[ACTIVITY]:
All of the listing below must be repeated word for word. Pictures are the only thing to omit.

[INFORMATION SHOWN]:
• • • • • • •

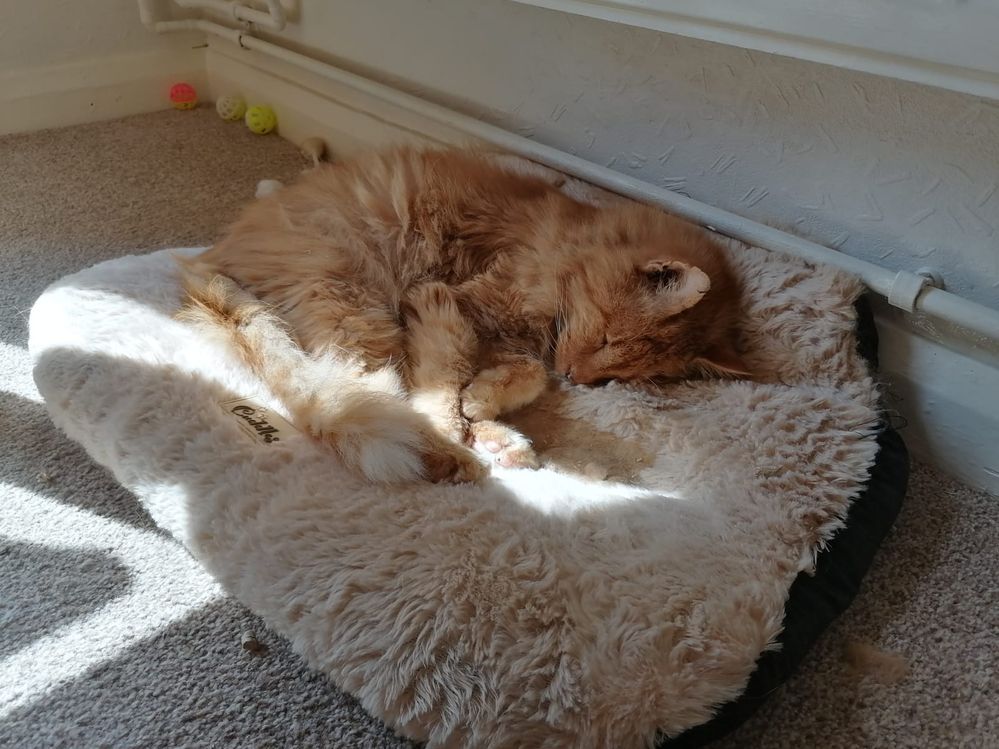 May 2024 - Snoozing.jpg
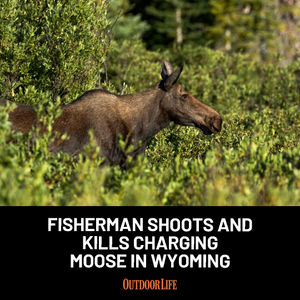 Image post by @outdoor_life on Instagram
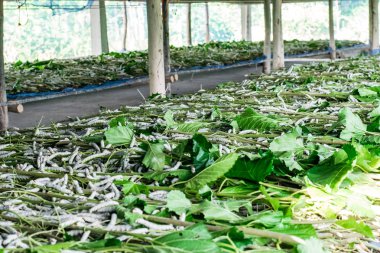 ipekböceği yeme yaprak dut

• • • • • • •

[OUTPUT FOR THIS EXERCISE]:
 May 2024 - Snoozing.jpg
 Image post by @outdoor_life on Instagram
 ipekböceği yeme yaprak dut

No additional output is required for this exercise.